Middle School English
The two-year fifth and sixth grade English curriculum seeks to nurture students’ love of reading and a critical eye towards texts and the world at large. Year One of the course begins with the study of short stories to help students develop a shared language for talking about literature. The class then delves into the study of mystery novels, emphasizing the connection between using clues to solve a mystery and employing evidence to support an assertion as students begin to write arguments of their own. Students then consider how fiction about both recent history (September 11th) and contemporary issues (immigration) works to teach, inform, and persuade readers about their role as critical thinkers and upstanders beyond the classroom. Year Two of the course begins by considering family stories and histories (both in literature and in their own lives) to examine the role of multiple perspectives and individual bias in storytelling. Students then apply this to various works of historical fiction as they continue to develop their understanding of key literary elements. Centered around the autobiography-in-verse Brown Girl Dreaming, students study novels-in-verse in order to explore key aspects of poetry and experiment with writing their own.

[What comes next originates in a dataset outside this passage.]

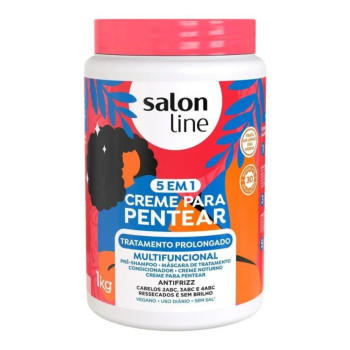 Creme Para Pententear Salon Line 5Em1 Multifuncional 1Kg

In 5th and 6th grade English, the key curricular elements include developing increasingly complex strategies for reading comprehension, inference, and analysis across genres (fiction, non-fiction, poetry). As writers, students engage meaningfully in every step of the writing process from brainstorming to revision; emphasis is placed on mastering the paragraph form as students practice developing and presenting their own ideas in clear, logical prose. Throughout both Year One and Year Two, students write narrative, persuasive, and informative pieces, while thinking critically about the purpose and audience in each of these types of writing. Grammar and mechanics are taught in the context of students’ own writing as they revise and edit their work. The collaborative approach to learning and making meaning nurtures students’ skills as listeners, speakers, critical thinkers, and community members.

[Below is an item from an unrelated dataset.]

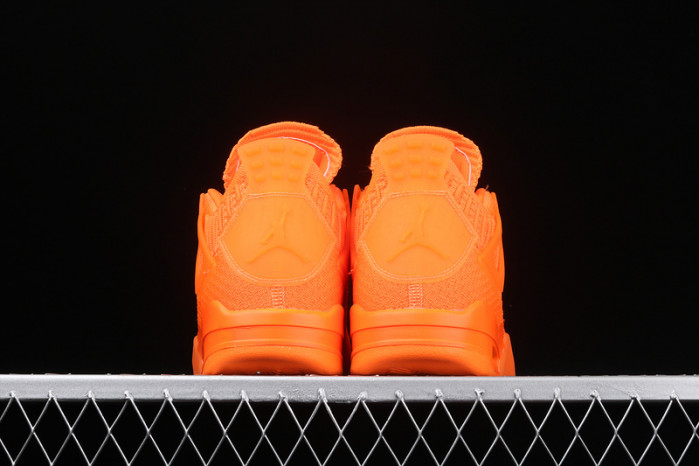 air jordan 4 flyknit orange aq3559-800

The two-year seventh and eighth grade English curriculum seeks to inspire students to develop their own opinions and to use their voices (both on and off the page) to let their own lives speak. Year One of the course begins with the study of the Hero’s Journey and examines how and why this archetypal story applies to ancient, mythic characters as much as it does their own coming-of-age experiences. Students then reconsider the literary concept of the “hero” in the context of the Civil Rights Movement as they read historical fiction and John Lewis’ graphic novel series March. The class examines the complex role of cultural and familial heritage in the formation of one’s identity in both fiction and their own lives as well as the power of stories to help us understand ourselves and others. Year Two of the course begins with a study of persuasive arguments and focuses on helping students to evaluate validity and bias as they read others’ arguments and work to construct their own. Students then read various works of dystopian fiction to engage with essential moral and ethical questions about society, civic duty, and individual freedom. Students study Shakespeare (A Midsummer Night’s Dream or The Tempest) in order to explore key aspects of verse and drama and to consider how and why familiar archetypes make the Bard’s work seemingly “timeless” (or not). At the end of the year, students state their personal life philosophies in their own “This I Believe” essays (based on the National Public Radio program).
In 7th and 8th grade English, the key curricular elements include analyzing how an author’s choices (point of view, structure, genre) help to determine the meaning of a work of literature. Students develop strategies for comparing and contrasting different texts as well as tracing important themes within a single text and across the reading curriculum. As writers, students continue to engage meaningfully in every step of the writing process from brainstorming to revision; emphasis is placed on developing assertions and linking them together to make a logical argument. Throughout both Year One and Year Two, students continue to write narrative, persuasive, and informative pieces of increasing depth and complexity. Grammar and mechanics are taught in the context of students’ own writing as they revise and edit their work. The collaborative approach to learning and making meaning nurtures students’ skills as listeners, speakers, critical thinkers, and community members.